Duff was called as an expert witness in 1964 by B.C. Court of Appeal in Vancouver to testify in the White and Bob case. The two members of the Saalequun tribe on Vancouver Island near Nanaimo had been charged under the Game Act after they were caught with six deer carcasses hunted out of season. Convicted of the charges in 1963, the appeals court upheld an agreement made in 1854 between the Nanaimo tribes and the Hudson’s Bay Company for the right to hunt and fish for food in any unoccupied Crown land. It confirmed the existence of a treaty negotiated by Sir James Douglas and is the first Canadian case to consider the impacts of the Royal Proclamation of 1763, and it provided the legal framework for the development of Aboriginal rights.
Duff also testified in the Nisga’a court case of 1973, in which the Supreme Court of Canada upheld the rights of native people in the absence of a treaty, and that led to the creation of Canada’s land claims negotiation policy. Originally rejected by the Supreme Court of BC and Appeals Court, the later decision established Aboriginal title to their traditional, ancestral and unceded lands.
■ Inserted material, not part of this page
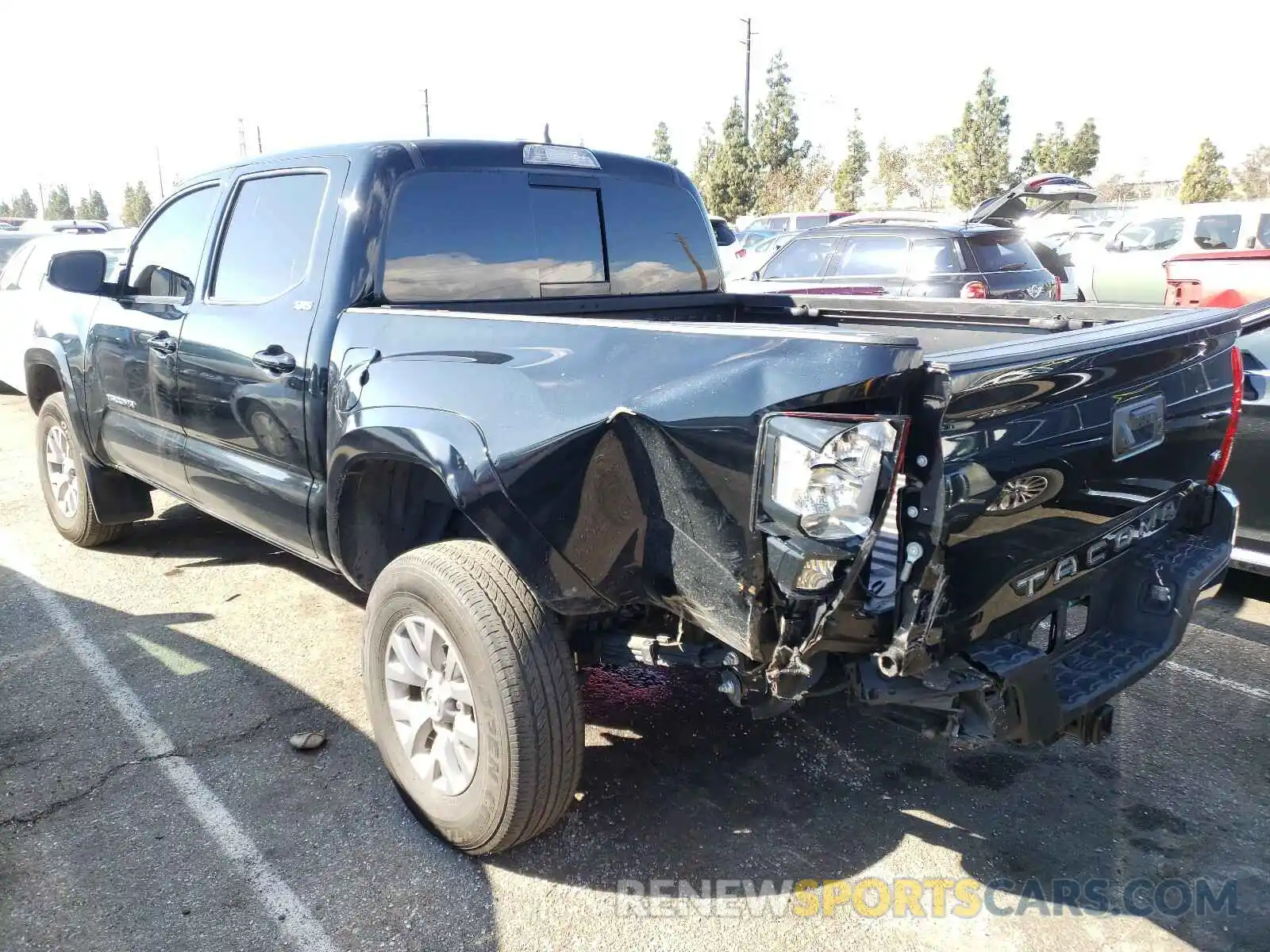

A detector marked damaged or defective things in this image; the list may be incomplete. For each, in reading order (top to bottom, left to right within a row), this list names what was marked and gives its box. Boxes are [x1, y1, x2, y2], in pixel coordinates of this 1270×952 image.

broken taillight [1209, 345, 1239, 485]
damaged rear bumper [858, 485, 1234, 746]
During the last eight years of his life, as a UBC faculty member, Duff concentrated on studying Haida art and interpreting the symbolic meanings behind the carvings, totem poles and painted crests that have become synonymous with the culture of coastal First Nations. In 1967, he partnered with esteemed Haida artist Bill Reid on the Arts of the Raven exhibit in Vancouver and also created the Images in Stone B.C. display of 1975, which went from Victoria to Vancouver and Ottawa.
“They were two very innovative exhibitions, both of which were driving at the view that northwest coast native art was great art in anyone’s terms, just as anything in the national gallery in Britain in great art,” said Fisher. “It’s not just ethnographic artifact, it’s actually great art with great thinking behind it.”
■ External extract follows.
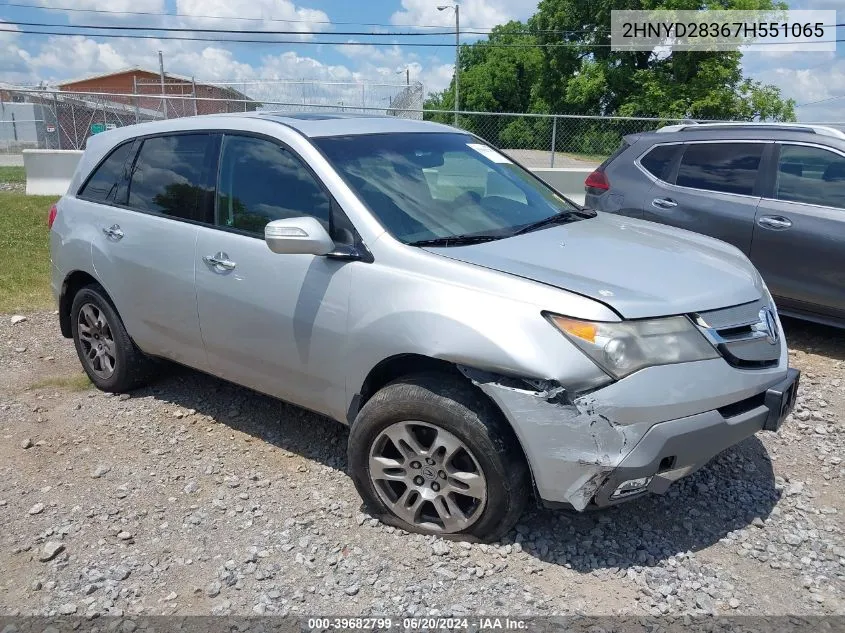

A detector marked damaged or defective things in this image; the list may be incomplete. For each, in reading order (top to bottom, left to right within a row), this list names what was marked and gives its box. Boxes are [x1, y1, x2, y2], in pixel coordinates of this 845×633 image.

damaged front bumper [462, 358, 796, 512]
While he was working at the museum, Duff salvaged totem poles from Haida Gwaii which were showing the effects of decades of weathering and brought them to the Victoria museum to preserve them. That created controversy and was seen by some as illegal appropriation of artifacts but Duff was careful to negotiate permission and forward payment to the Skidegate band council before he took possession. Fisher said those poles, some of which were sent to the provincial museum and some of which ended up at Museum of Anthropology at UBC, will shortly be the only surviving examples of art surviving from that time period.
“When Wilson was taking totem poles from Haida Gwaii and getting them restored and preserved, there were articles in the Vancouver Sun with headlines like, ‘Hideous Totem Pole Nonsense,’ not that it was offensive to First Nations communities to remove these poles, but that it was waste of money and this was an artform not worth preserving,” said Fisher. “Wilson was doing these things not just when it wasn’t popular but there was pressure against it.”
Duff, who suffered from depression that might have stemmed from his war experience, committed suicide at age 51 in his UBC office in 1976, leaving behind his wife, son and daughter. He believed in reincarnation and that his life was simply the threshold to his next life. That spiritual transformation is depicted on the cover of Fisher’s book which reprints the Eagle Full Circle painting by Tofino-area artist Roy Henry Vickers. As a high school student from the Nass Valley north of Terrace, Vickers met Duff at the provincial museum and Duff dug into his office filing cabinet and showed him a photograph of Vickers’ grandfather. He credits Duff with inspiring him to become an artist.
Published by Harbour Publishing, Wilson Duff: Coming Back, A Life is available at Books and Company of Third Avenue and at Coles in Pine Centre Mall.
Fisher, 76, lives in Nanaimo with his wife Patricia and he continues to teach courses in First Nations history at Vancouver Island University’s Elder College.